L’enjeu de notre époque décisive consiste à ne plus tomber dans le piège d’une solution externe, qu’elle soit politique ou technologique. À ne pas céder au chant des sirènes du transhumanisme, même à l’approche de la mort et quelles que soient leurs promesses. Car l’existence ne saurait se laisser prédire ou diriger par des algorithmes, car chacun d’entre nous vaut mieux que sa simple productivité nominative, car nous sommes ici présents pour expérimenter la magie, et non nous soumettre à une servitude plus odieuse encore que tout ce que l’Humanité a connu : refusons de participer ou d’apporter notre caution à tout élément d’aliénation qui nous est vendu… La tâche est ô combien ardue : il s’agit de nous déconditionner de nos peurs et de nos instincts égotiques, d’identifier nos vieux démons jusqu’à nous en libérer. Une fois recouvrée la conscience de notre responsabilité individuelle, de l’incommensurable portée de chaque intention et chaque geste, il devient possible de transmuter même la plus douloureuse expérience en enseignement porteur d’espoir. Nous sommes alors transparents à cette force qui nous traverse sans pour autant nous appartenir. Des funambules à mi-chemin de la Terre et du Ciel avec l’intuition pour seule guide.

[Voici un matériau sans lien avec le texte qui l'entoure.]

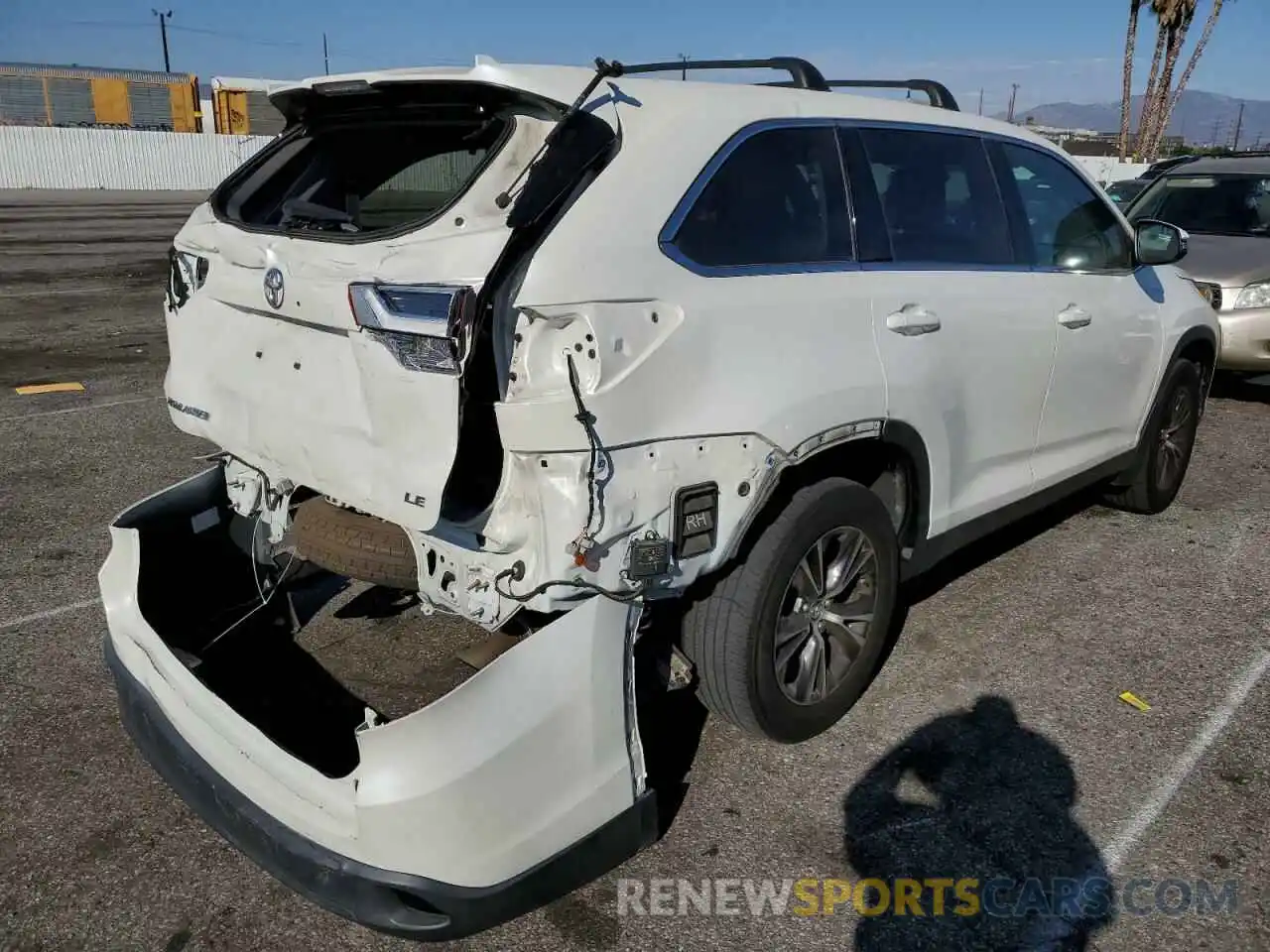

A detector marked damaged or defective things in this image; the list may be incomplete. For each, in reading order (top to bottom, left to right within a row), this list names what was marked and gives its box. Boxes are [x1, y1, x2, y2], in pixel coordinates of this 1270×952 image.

broken rear hatch [164, 72, 609, 537]
detached rear bumper cover [98, 467, 655, 939]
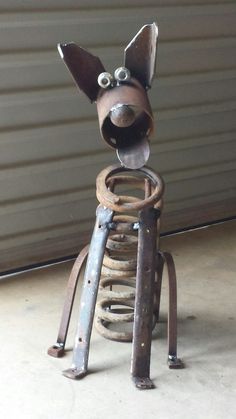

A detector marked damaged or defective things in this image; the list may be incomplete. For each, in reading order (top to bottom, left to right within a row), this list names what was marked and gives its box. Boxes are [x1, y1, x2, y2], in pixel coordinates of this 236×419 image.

rusted steel [56, 22, 158, 169]
rusted steel [47, 246, 89, 358]
rusted steel [62, 206, 113, 380]
rusted steel [131, 207, 159, 390]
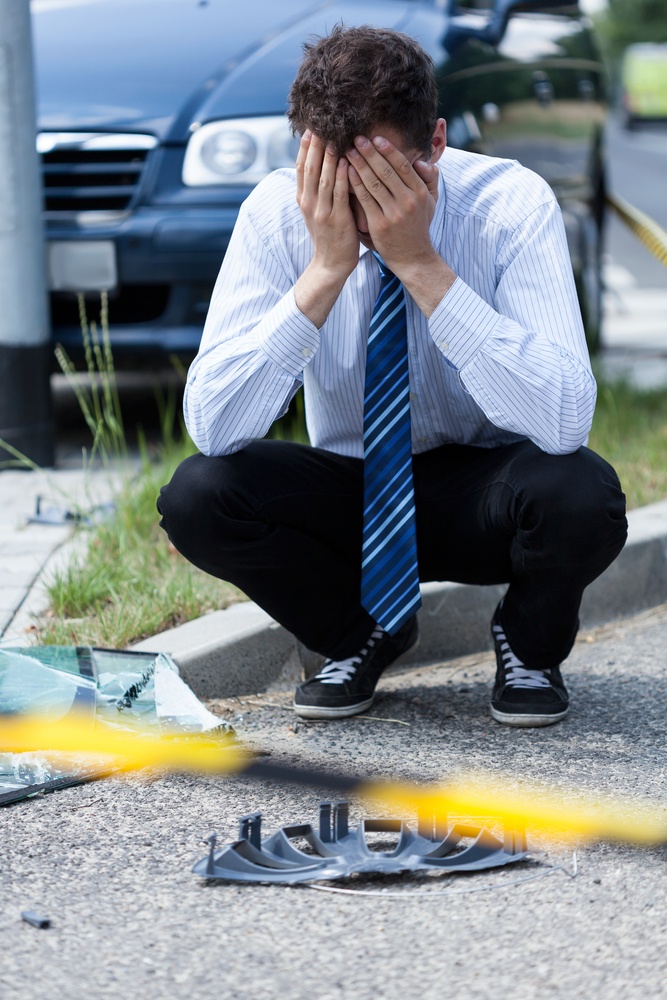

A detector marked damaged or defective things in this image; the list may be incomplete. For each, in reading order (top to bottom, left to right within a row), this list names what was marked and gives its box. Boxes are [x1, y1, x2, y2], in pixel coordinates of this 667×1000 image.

shattered windshield piece [0, 648, 234, 804]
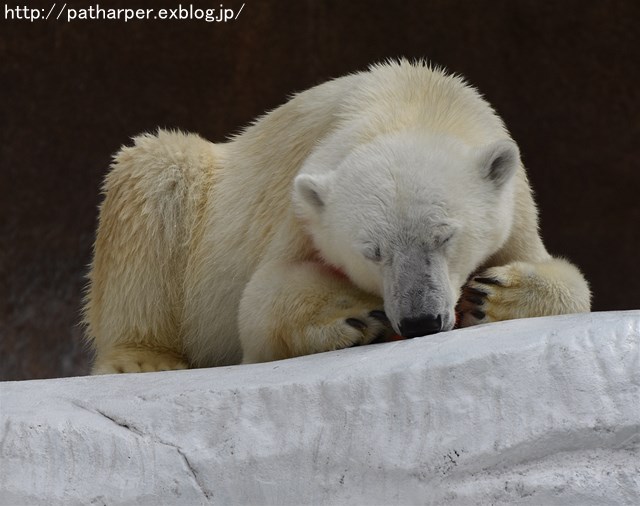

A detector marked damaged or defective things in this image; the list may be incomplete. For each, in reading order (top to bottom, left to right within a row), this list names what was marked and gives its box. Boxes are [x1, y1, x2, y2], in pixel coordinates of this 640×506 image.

crack in concrete [69, 400, 211, 502]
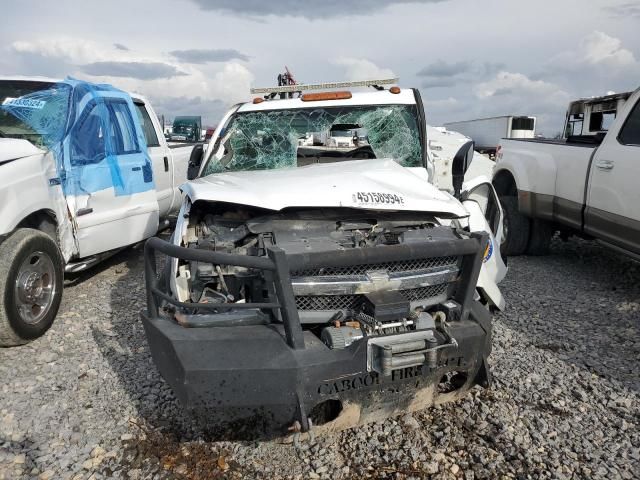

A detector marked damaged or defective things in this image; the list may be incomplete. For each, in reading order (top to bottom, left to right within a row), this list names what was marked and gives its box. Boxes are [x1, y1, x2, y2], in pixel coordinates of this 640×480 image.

shattered windshield [0, 80, 72, 150]
white damaged pickup truck [0, 78, 192, 344]
shattered windshield [202, 103, 422, 176]
white damaged pickup truck [142, 79, 508, 438]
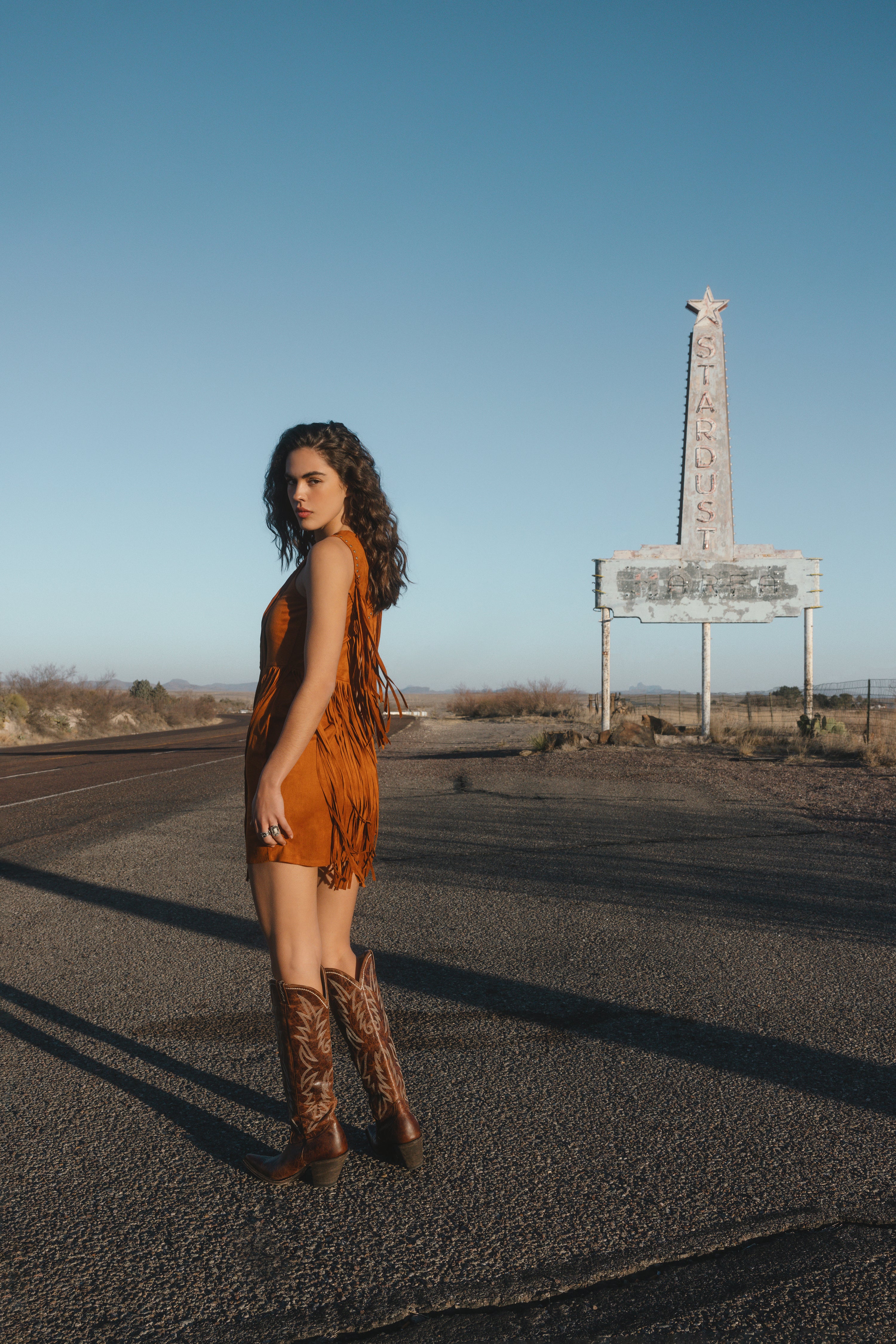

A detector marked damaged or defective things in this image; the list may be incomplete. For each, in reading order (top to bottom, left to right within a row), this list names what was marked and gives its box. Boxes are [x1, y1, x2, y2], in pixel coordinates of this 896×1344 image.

rusted metal sign panel [591, 289, 822, 624]
rusted metal sign panel [599, 554, 822, 621]
cracked pavement [0, 720, 892, 1339]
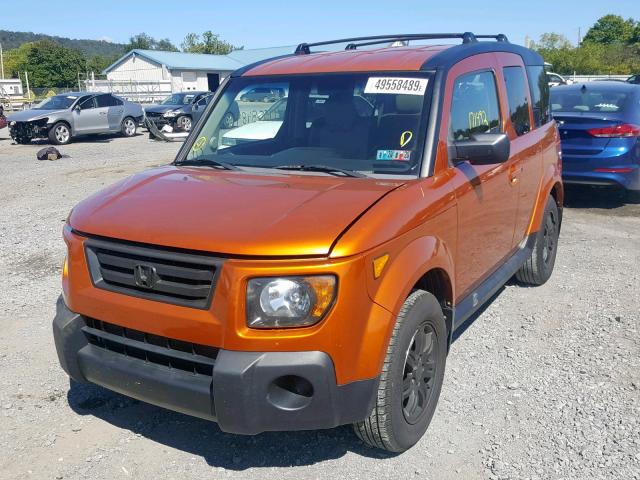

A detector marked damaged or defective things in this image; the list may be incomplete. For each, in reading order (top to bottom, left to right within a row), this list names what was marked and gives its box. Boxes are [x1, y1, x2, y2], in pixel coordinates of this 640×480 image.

damaged car [8, 93, 144, 145]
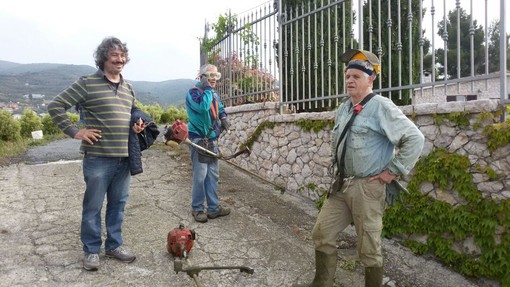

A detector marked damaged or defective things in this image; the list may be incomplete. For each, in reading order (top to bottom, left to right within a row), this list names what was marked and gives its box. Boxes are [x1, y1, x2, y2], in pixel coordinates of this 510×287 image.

cracked asphalt [0, 136, 494, 286]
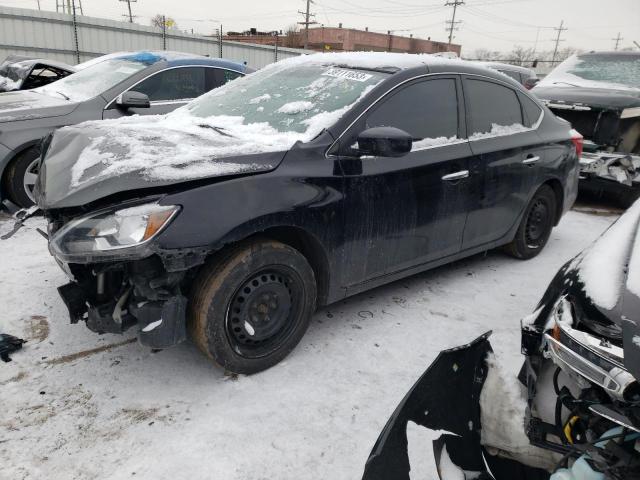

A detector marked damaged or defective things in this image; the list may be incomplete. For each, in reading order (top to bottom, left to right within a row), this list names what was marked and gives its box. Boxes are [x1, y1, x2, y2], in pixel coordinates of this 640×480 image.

Le désidentification à l’ego ouvre les portes d’un univers où nos intentions se manifestent sur les plans subtils. Le phénomène est bien connu et pratiqué sous différentes formes dans toutes les traditions. À présent qu’il se voit débarrassé de ses oripeaux religieux, il nous est possible d’en redécouvrir l’art et la manière déjà inscrits en nos gènes. Unissons-nous donc dans une volonté commune de nous affranchir, et aucune barrière physique ou métaphysique ne saura nous faire obstacle. Le paradis sur Terre existe déjà et n’a nul besoin de sauveur pour nous être restitué. Sa potentialité réside en chaque espace de silence intérieur qu’il nous revient d’habiter, au-delà des séductions et des errements de notre pensée. Chaque instant nous offre la chance d’embrasser la vie de toutes nos forces. À nous d’y insuffler suffisamment d’Amour pour faire s’abattre les murs de Babylone.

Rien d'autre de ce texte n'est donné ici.